Client intake:

Why search engines aren’t reliable risk assessment tools

In today’s Big Data era, law firms have vast amounts of structured and unstructured information at their fingertips. Search engines might seem like the obvious tool for customer due diligence — they make it easy to find this data with a few keystrokes. However, the reality of using search engines for due diligence is more complex than that.

Due diligence today needs to go beyond traditional risk typologies to consider broader and more nuanced risks such as ESG. This demands having a comprehensive understanding of a subject’s background, not just a surface-level view of their activities.

A quick web search might surface some information, but it won’t tell you everything such as their crime and controversy exposure, source of wealth, business associates, and career history. Information relevant to due diligence is scattered across the open web in blogs, reports, the Panama Papers, press releases, news articles and media coverage.

While you can search for a name and get millions of results back, you’ll get no real insight. Analysts must cross-reference live internet data with corporate records, sanctions lists, and lists of politically exposed people to get the whole story. That requires time-consuming manual research, which can take hours for in-house teams or significant funds to outsource.

If you’re still using search engines for due diligence, here’s why it’s time to reconsider.

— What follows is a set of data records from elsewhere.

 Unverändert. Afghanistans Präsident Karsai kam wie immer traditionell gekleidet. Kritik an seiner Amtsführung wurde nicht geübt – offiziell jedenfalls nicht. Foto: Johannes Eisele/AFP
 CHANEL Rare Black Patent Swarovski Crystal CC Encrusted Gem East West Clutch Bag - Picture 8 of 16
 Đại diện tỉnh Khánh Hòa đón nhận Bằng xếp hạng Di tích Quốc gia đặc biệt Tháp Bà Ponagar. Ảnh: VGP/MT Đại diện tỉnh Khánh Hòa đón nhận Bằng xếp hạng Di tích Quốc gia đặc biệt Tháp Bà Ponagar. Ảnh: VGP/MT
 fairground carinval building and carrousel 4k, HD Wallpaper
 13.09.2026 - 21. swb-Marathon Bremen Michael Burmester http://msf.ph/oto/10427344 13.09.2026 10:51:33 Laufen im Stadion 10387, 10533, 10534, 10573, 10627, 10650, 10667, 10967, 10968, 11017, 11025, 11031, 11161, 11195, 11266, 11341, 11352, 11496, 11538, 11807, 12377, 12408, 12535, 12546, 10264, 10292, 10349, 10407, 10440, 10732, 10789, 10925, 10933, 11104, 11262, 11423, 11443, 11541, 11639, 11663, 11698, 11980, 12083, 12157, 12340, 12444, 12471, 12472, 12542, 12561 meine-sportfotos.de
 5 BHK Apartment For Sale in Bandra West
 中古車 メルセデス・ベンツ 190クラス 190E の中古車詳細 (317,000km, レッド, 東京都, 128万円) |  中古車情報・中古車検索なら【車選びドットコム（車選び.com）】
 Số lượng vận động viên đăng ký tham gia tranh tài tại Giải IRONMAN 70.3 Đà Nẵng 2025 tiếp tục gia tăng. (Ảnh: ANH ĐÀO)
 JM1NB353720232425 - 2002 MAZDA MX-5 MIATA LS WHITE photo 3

1. The information is unstructured

Unstructured data, though valuable, is often underused. Why? It’s messy and fragmented. For human analysts, finding a starting point is overwhelming. Search engines give links, not clean summaries. Analysts must trawl pages for what they need and stitch fragmented information together.

But that’s not all. Once data is gathered, insights need to be analysed and summarised. Turning findings into actionable intelligence needs analytical skills. But with so much information-gathering and cross-referencing to do, the mental space for that valuable work shrinks. Errors start to happen, and false interpretations become more common.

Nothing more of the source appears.